- DIRECTIONS FOR THIS TASK: The records below are to be set down word for word, with every picture left out.

Short text fragments from websites
Segment Open
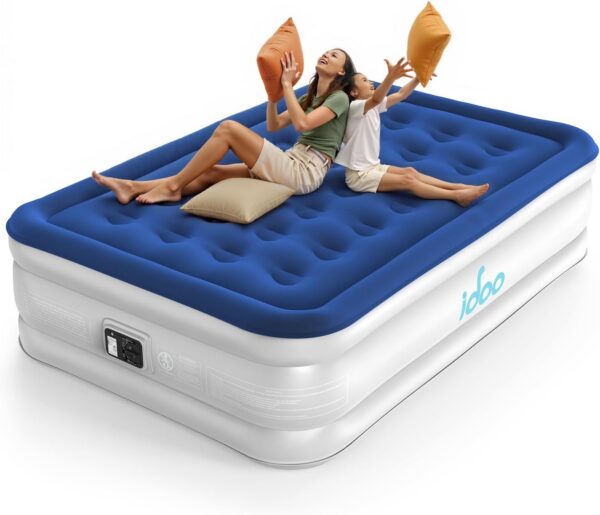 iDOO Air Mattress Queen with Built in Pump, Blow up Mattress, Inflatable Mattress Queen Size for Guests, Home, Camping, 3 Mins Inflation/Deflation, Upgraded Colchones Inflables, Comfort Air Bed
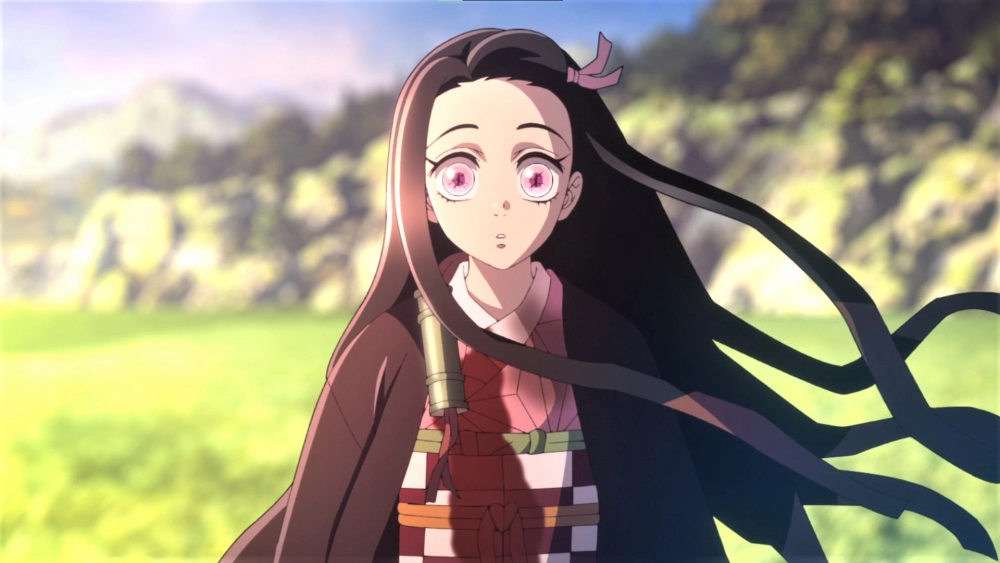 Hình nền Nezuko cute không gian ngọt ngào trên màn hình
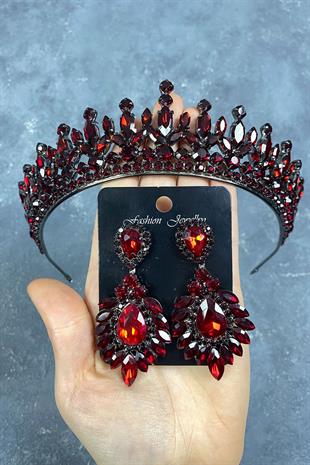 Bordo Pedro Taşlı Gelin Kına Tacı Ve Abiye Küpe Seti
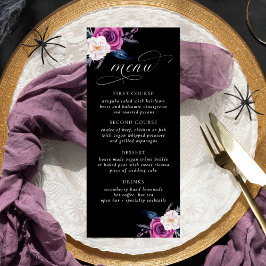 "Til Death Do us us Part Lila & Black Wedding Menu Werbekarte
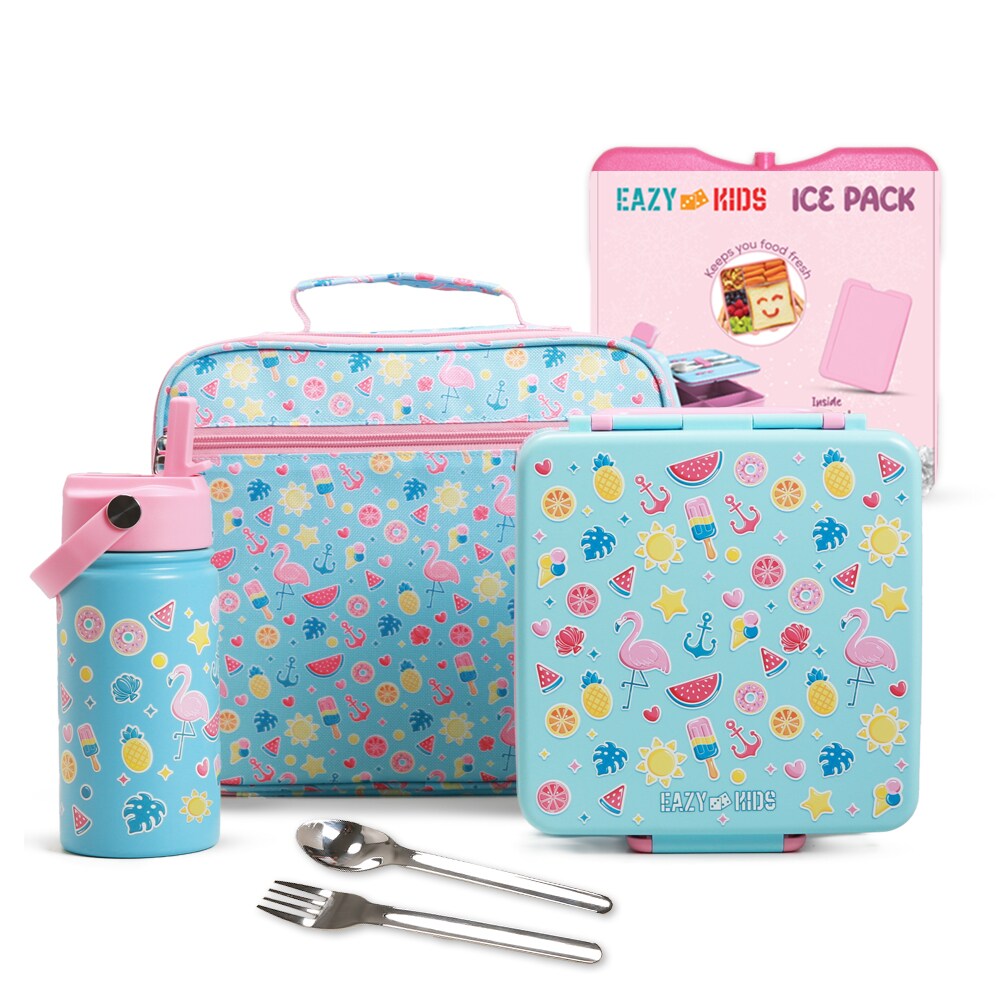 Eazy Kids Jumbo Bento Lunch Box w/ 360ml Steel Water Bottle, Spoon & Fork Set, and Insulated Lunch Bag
Segment Closed
- ANSWER TO THE PROBLEM:
 iDOO Air Mattress Queen with Built in Pump, Blow up Mattress, Inflatable Mattress Queen Size for Guests, Home, Camping, 3 Mins Inflation/Deflation, Upgraded Colchones Inflables, Comfort Air Bed
 Hình nền Nezuko cute không gian ngọt ngào trên màn hình
 Bordo Pedro Taşlı Gelin Kına Tacı Ve Abiye Küpe Seti
 "Til Death Do us us Part Lila & Black Wedding Menu Werbekarte
 Eazy Kids Jumbo Bento Lunch Box w/ 360ml Steel Water Bottle, Spoon & Fork Set, and Insulated Lunch Bag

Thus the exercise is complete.